According to a report made available to Financial Street, Nigerian technology industry leaders have demanded to engage the above-named stakeholders and others regarding the ban placed on cryptocurrency trade in the country.
If not collectively looked into, the tech experts asserted, the implication of an outright ban might outweigh the associated risks identified by the Central Bank of Nigeria.
They argued that a ban on cryptocurrency trade could stifle innovation in Financial Technology, create policy conflict and disincentive for business and ease of doing business.
“The CBN directive will frustrate Foreign Direct Investment and shut down investment opportunities through the cryptocurrency market. Similarly, cryptocurrency traders will find alternative accommodative jurisdictions in Africa to migrate their businesses,” the tech experts added.
The report, ‘Much Ado about Cryptocurrency: A Path to Regulated Cryptocurrency Environment’, was signed by 15 representatives from the Nigerian tech industry, including Kola Aina, Adia Sowho, Iyinoluwa Aboyeji, Edmund Olotu and Sanusi Ismaila.
The CBN had, in a circular on Friday, February 5, 2021, directed all Deposit Money Banks and Other Financial Institutions to immediately close all accounts associated with cryptocurrency trading in the country.

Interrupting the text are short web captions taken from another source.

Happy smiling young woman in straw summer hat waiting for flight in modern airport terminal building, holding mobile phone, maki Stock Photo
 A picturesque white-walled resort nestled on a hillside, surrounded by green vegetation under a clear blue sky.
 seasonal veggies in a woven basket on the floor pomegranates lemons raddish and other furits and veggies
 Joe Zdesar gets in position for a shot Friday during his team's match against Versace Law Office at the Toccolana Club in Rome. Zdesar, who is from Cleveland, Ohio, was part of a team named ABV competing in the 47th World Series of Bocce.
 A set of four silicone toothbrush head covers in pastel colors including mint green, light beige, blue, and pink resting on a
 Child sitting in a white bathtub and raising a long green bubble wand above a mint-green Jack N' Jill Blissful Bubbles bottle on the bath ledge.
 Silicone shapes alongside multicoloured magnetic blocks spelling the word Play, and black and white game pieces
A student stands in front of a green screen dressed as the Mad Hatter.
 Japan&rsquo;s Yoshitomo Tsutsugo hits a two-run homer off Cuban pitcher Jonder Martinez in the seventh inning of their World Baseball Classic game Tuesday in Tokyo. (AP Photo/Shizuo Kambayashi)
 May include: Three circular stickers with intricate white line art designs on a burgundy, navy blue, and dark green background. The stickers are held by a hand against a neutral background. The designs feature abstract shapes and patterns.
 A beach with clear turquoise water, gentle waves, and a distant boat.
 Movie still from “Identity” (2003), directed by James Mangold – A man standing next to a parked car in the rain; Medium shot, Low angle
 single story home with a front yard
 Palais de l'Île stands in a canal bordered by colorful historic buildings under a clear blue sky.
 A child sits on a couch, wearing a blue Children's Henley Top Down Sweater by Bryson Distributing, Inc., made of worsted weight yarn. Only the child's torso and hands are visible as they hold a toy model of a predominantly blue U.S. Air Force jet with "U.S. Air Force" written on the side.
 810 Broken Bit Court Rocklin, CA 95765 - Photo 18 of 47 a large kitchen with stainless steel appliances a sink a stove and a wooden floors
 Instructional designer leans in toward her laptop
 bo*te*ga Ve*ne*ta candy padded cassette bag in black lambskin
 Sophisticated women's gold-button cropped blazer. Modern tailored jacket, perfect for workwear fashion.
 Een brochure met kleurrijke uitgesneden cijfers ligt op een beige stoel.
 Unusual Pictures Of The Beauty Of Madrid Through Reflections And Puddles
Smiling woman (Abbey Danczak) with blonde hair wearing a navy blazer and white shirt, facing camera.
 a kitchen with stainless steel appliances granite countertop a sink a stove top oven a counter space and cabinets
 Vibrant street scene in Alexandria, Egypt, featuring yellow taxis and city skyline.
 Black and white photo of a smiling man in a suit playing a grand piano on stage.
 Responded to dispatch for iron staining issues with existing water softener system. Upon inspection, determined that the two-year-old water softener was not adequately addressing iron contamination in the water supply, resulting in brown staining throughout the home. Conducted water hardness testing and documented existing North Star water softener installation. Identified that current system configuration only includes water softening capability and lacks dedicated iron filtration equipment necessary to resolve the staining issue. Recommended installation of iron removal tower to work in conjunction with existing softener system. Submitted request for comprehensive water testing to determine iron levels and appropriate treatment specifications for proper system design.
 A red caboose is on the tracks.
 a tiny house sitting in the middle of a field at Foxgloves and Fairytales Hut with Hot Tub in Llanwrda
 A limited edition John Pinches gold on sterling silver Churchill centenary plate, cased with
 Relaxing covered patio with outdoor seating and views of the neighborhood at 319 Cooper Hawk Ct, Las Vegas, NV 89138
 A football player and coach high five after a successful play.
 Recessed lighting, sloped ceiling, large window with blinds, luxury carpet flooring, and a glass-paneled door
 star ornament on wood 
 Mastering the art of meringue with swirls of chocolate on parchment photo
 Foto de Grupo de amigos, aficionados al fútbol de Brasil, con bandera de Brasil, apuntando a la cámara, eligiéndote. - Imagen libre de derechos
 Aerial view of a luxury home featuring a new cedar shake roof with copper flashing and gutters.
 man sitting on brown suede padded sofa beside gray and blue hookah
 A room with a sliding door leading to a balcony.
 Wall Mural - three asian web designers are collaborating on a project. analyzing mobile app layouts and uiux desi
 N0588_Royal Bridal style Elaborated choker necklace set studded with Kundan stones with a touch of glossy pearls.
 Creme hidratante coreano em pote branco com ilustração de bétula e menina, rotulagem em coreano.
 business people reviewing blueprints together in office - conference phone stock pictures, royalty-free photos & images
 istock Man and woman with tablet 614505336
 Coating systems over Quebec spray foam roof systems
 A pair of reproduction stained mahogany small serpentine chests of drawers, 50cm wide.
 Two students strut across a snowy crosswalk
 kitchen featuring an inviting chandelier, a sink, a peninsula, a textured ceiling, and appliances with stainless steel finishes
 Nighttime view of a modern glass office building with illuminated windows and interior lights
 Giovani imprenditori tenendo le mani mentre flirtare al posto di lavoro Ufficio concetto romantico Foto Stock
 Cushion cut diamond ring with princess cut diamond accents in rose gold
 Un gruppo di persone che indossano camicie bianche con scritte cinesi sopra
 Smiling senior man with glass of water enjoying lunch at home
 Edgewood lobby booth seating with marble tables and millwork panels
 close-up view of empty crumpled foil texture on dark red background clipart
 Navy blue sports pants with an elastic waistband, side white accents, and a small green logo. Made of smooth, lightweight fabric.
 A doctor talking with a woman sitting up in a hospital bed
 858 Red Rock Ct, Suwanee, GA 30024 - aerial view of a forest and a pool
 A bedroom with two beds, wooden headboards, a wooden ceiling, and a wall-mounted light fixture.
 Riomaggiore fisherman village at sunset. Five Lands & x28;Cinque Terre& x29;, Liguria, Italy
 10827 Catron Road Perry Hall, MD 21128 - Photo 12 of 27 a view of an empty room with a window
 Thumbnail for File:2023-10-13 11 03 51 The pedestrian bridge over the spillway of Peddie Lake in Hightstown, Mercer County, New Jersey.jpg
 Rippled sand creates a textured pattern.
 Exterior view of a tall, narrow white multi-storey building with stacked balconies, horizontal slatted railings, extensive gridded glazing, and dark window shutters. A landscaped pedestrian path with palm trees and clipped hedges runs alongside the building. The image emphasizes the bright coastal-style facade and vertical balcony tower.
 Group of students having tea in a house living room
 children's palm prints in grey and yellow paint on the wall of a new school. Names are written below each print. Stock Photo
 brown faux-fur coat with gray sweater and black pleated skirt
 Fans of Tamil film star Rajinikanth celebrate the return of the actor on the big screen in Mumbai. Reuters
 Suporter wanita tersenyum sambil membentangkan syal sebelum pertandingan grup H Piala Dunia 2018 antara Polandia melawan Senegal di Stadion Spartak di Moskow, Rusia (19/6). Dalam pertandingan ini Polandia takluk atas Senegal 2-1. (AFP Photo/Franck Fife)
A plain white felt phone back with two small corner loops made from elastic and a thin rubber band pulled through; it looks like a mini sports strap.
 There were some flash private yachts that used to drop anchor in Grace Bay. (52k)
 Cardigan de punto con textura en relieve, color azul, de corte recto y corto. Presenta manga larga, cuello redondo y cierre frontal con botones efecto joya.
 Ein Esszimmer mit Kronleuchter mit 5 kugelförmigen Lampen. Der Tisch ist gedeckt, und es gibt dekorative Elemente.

“We would recommend that, as a next step, we convene a forum to discuss the issues set forth above with critical stakeholders,” the statement from the tech experts read in part.
The critical stakeholders referred to include the Presidency; CBN officials; Senate and House of Representatives committees on banking, insurance and other financial institutions; Securities and Exchange Commission; representatives of global and local cryptocurrency exchanges; chief executive officers of banks, among others.
The proposed forum is expected to look into the presentation of the concept of the Nigerian International Financial Centre by the CBN, presentation of the guidelines for the regulation of cryptocurrency by SEC, discussions around conditions for on and off-ramps for cryptocurrency into and out of the banking system and prudential guidelines for offshore banks, it further stated.
The dangers of not lifting the ban would create underground market, as well as a room for human rights violation and criminalising of the youth, the report warned.
“The current CBN directive will force a move to Peer-to-Peer platforms, which are largely non-custodial. This will expose market participants to nefarious activities, thereby reducing the government’s tracking ability in its entirety while creating gaps for more fraudulent practices.
“Driving an underground market will expand the register of illegality around cryptocurrency trade and increase the demand for anonymity and concealment.
“The directive may lead to unfair profiling and harassment from law enforcement authorities of anyone with any crypto trading application on their phone. This situation may exacerbate the current suffering from stereotypes attached to young Nigerian entrepreneurs in technology,” the report added.